(Web page caption snippets)
_ _ _

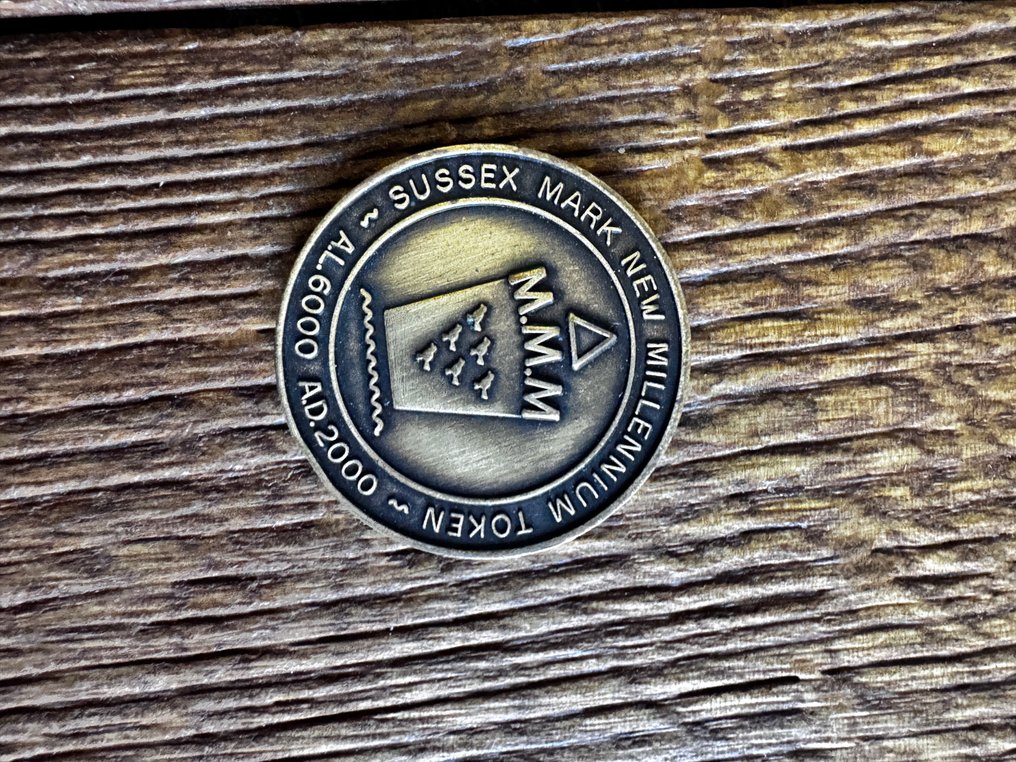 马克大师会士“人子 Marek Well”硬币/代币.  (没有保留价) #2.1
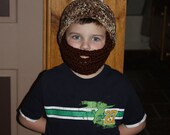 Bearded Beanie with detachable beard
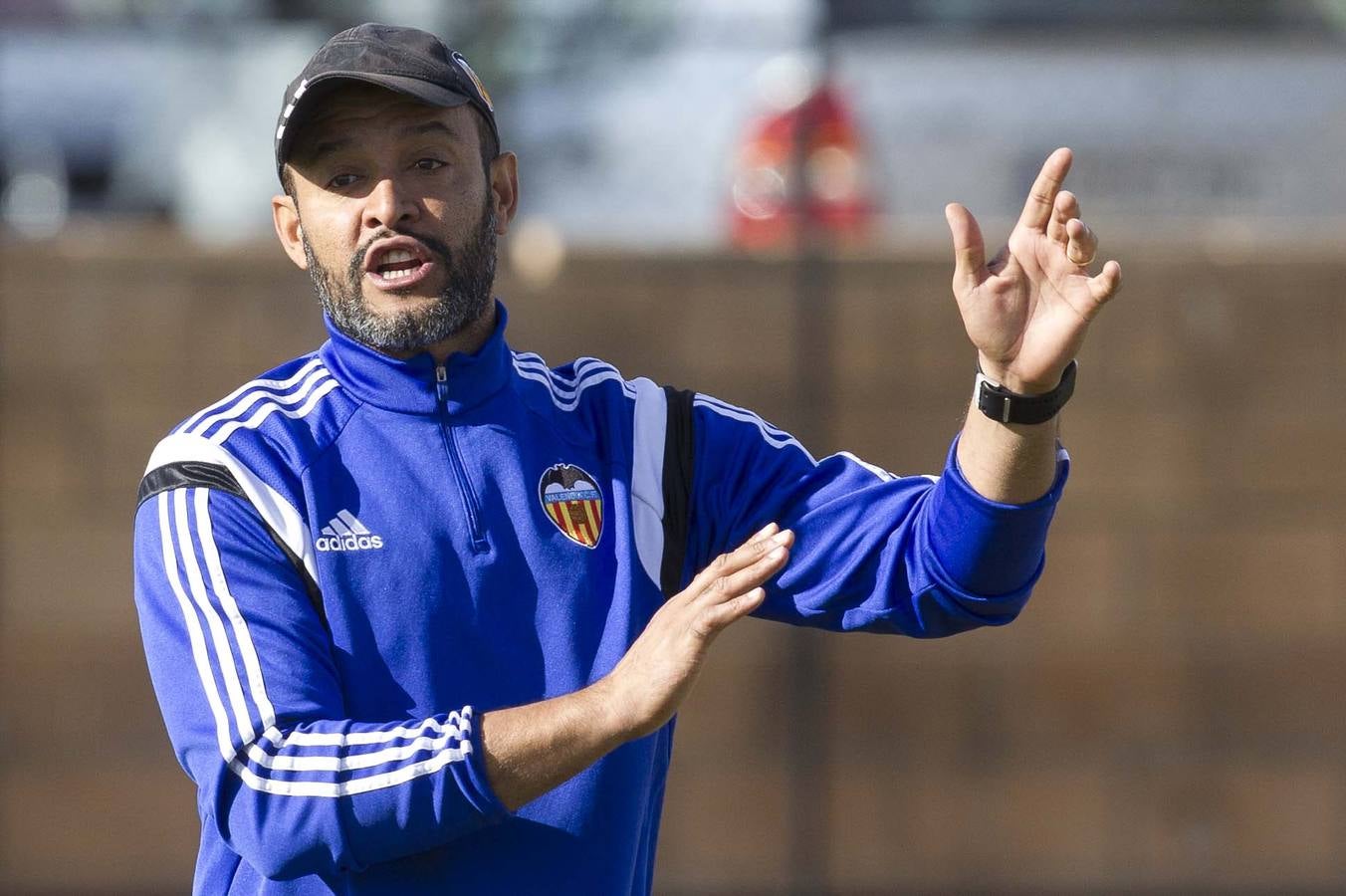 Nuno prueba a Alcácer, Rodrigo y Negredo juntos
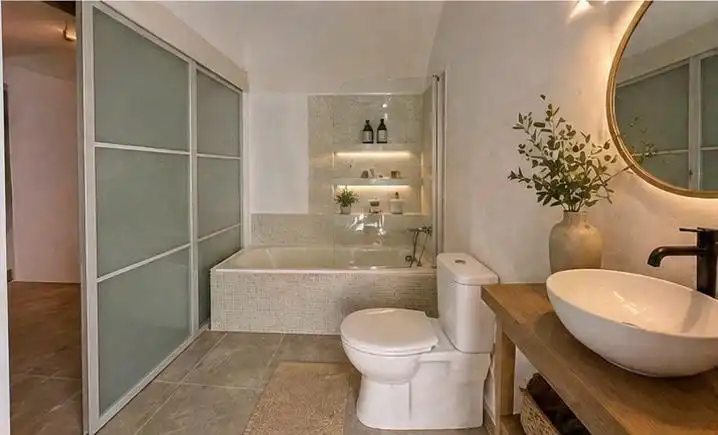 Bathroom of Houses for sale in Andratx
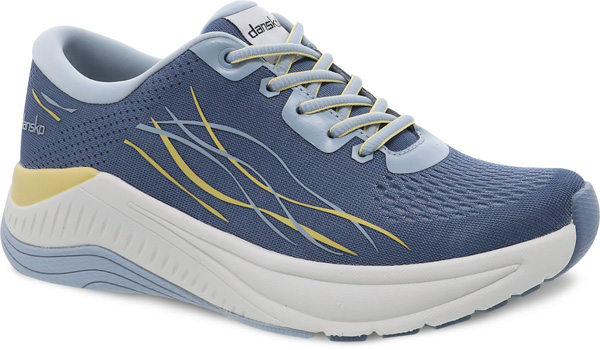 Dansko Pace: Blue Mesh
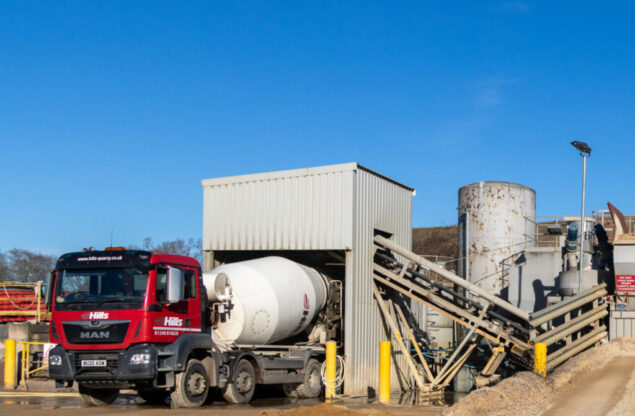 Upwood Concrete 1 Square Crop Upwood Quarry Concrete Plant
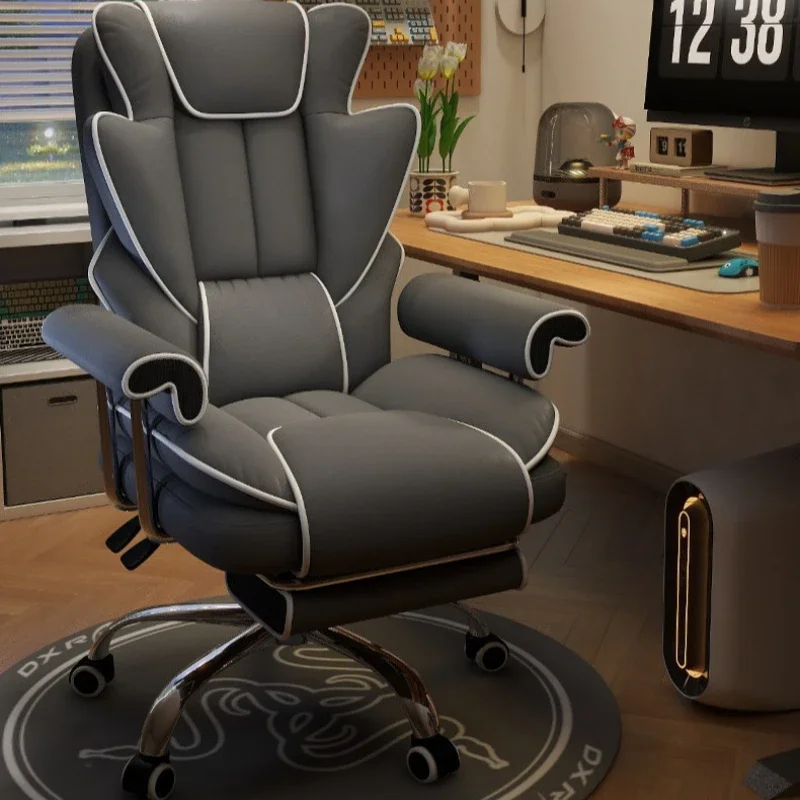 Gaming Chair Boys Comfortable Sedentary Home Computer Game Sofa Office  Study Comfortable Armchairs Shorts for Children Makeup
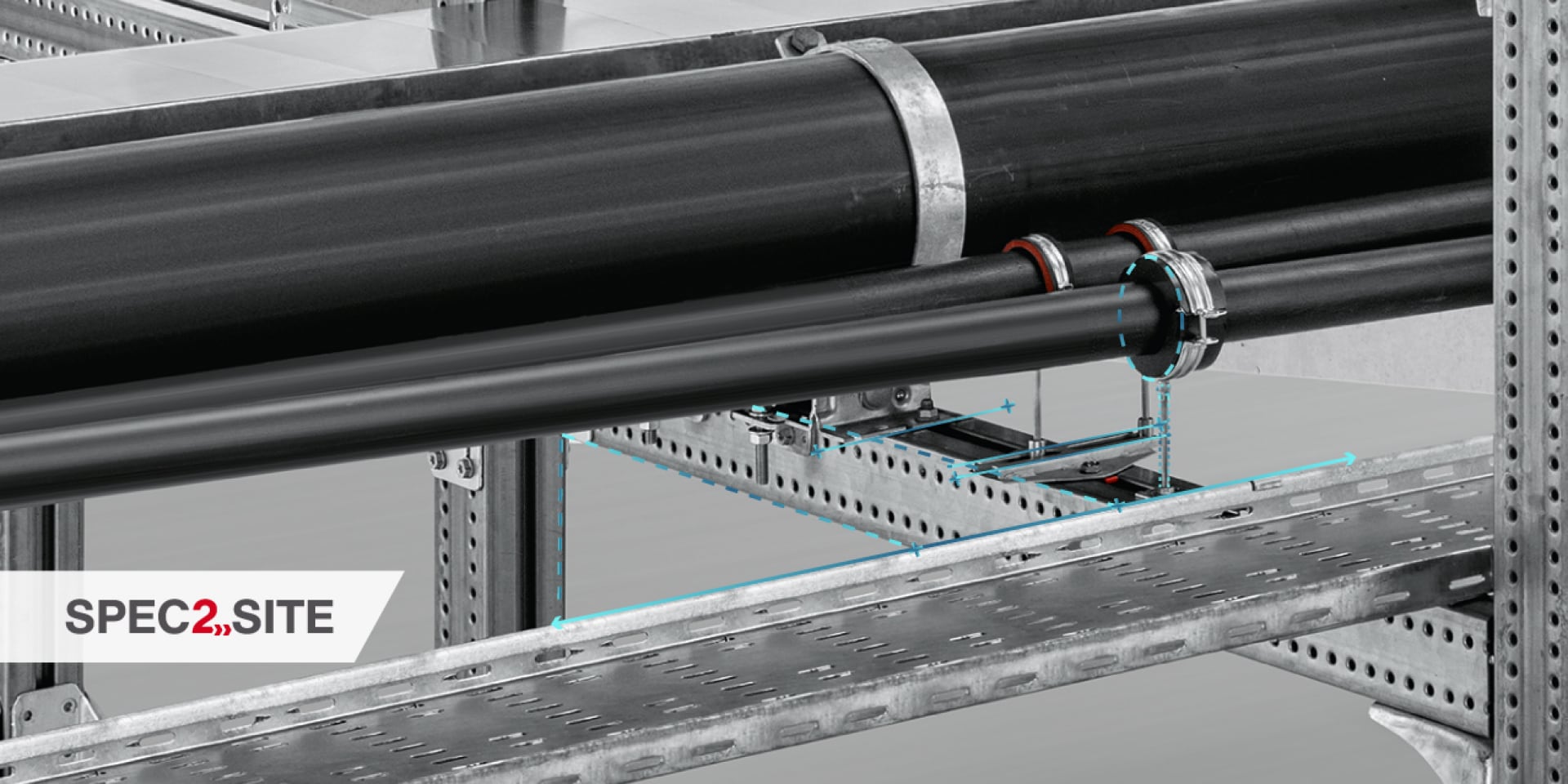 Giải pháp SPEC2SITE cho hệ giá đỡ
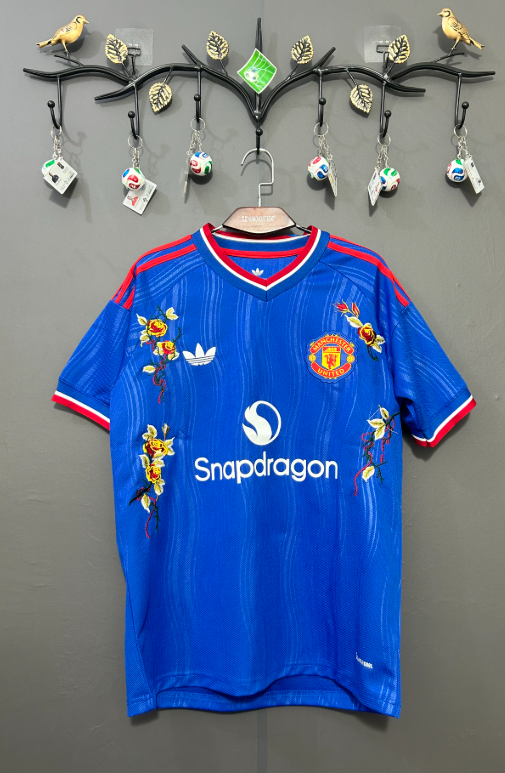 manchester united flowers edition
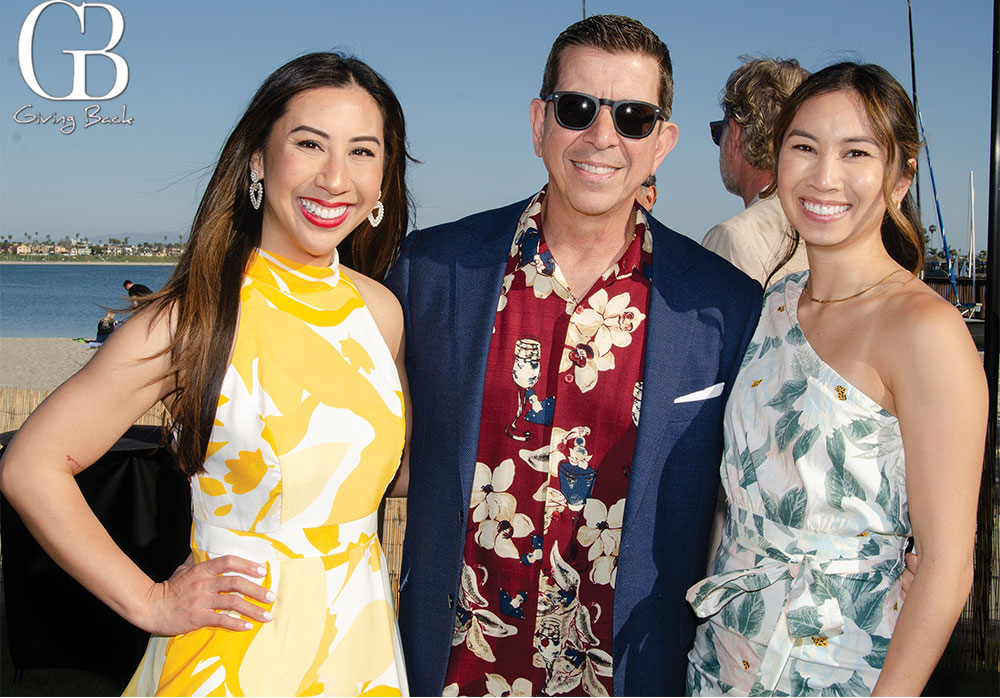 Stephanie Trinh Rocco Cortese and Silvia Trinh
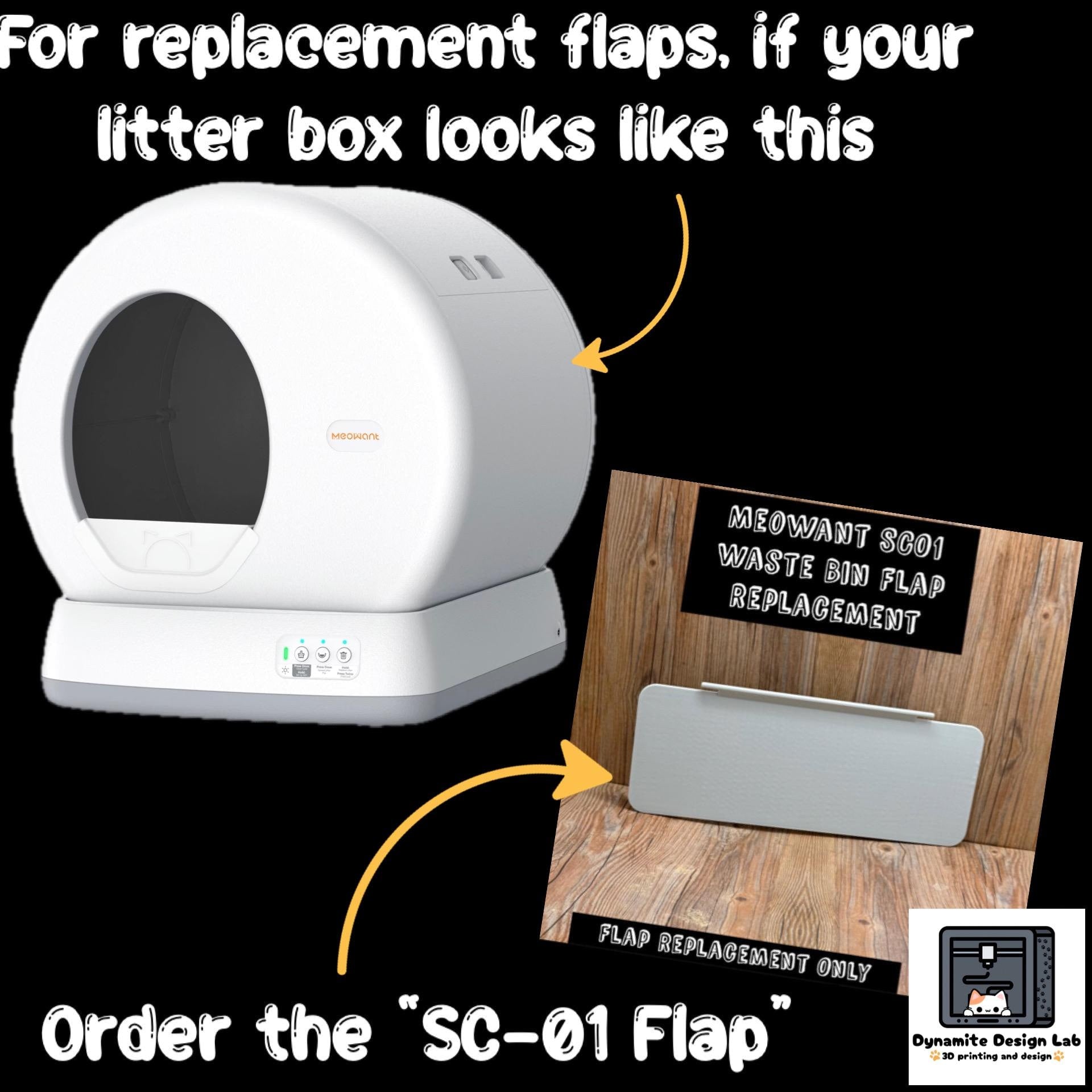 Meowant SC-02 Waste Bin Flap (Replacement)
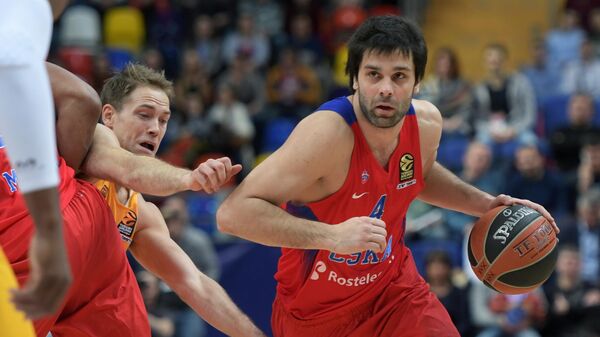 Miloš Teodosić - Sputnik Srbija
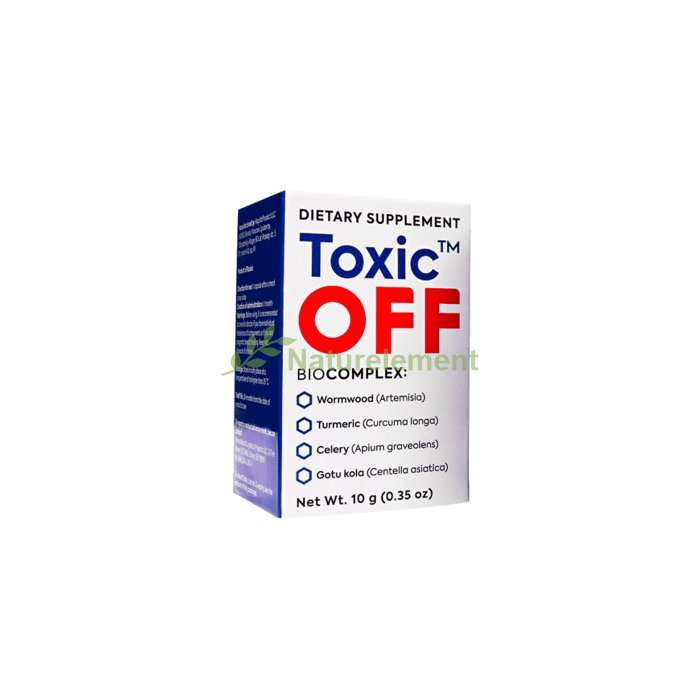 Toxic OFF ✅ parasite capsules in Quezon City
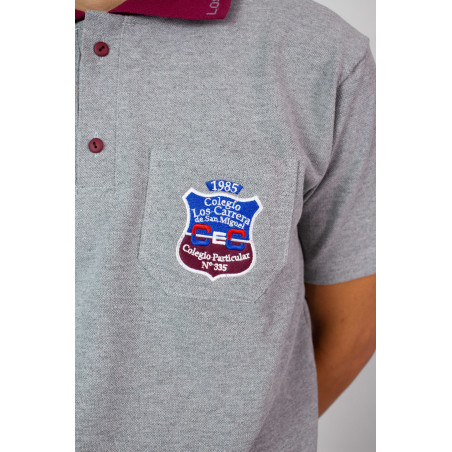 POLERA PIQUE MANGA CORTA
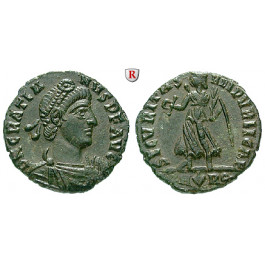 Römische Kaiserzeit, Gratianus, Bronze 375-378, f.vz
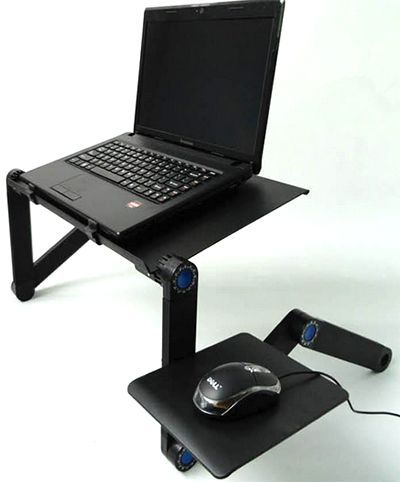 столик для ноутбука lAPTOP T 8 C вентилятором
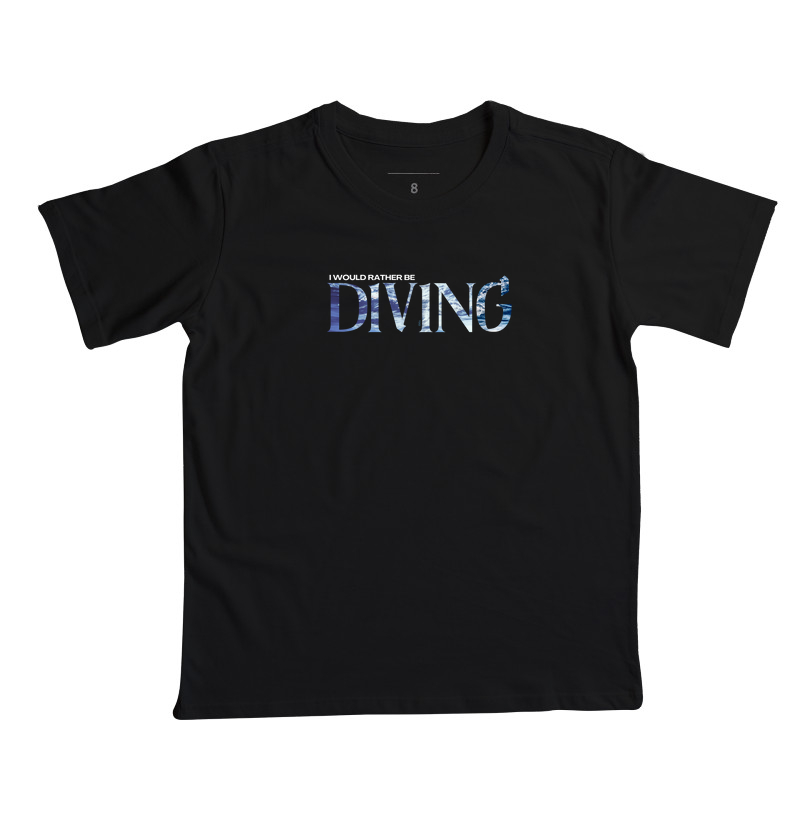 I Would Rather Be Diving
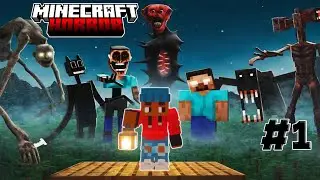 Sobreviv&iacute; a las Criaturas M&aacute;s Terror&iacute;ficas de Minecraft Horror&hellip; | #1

_ _ _

WHAT THE TASK ASKS »
Return every entry above exactly as written, minus the pictures.

RESPONSE TO THIS TASK »
 马克大师会士“人子 Marek Well”硬币/代币.  (没有保留价) #2.1
 Bearded Beanie with detachable beard
 Nuno prueba a Alcácer, Rodrigo y Negredo juntos
 Bathroom of Houses for sale in Andratx
 Dansko Pace: Blue Mesh
 Upwood Concrete 1 Square Crop Upwood Quarry Concrete Plant
 Gaming Chair Boys Comfortable Sedentary Home Computer Game Sofa Office  Study Comfortable Armchairs Shorts for Children Makeup
 Giải pháp SPEC2SITE cho hệ giá đỡ
 manchester united flowers edition
 Stephanie Trinh Rocco Cortese and Silvia Trinh
 Meowant SC-02 Waste Bin Flap (Replacement)
 Miloš Teodosić - Sputnik Srbija
 Toxic OFF ✅ parasite capsules in Quezon City
 POLERA PIQUE MANGA CORTA
 Römische Kaiserzeit, Gratianus, Bronze 375-378, f.vz
 столик для ноутбука lAPTOP T 8 C вентилятором
 I Would Rather Be Diving
 Sobreviv&iacute; a las Criaturas M&aacute;s Terror&iacute;ficas de Minecraft Horror&hellip; | #1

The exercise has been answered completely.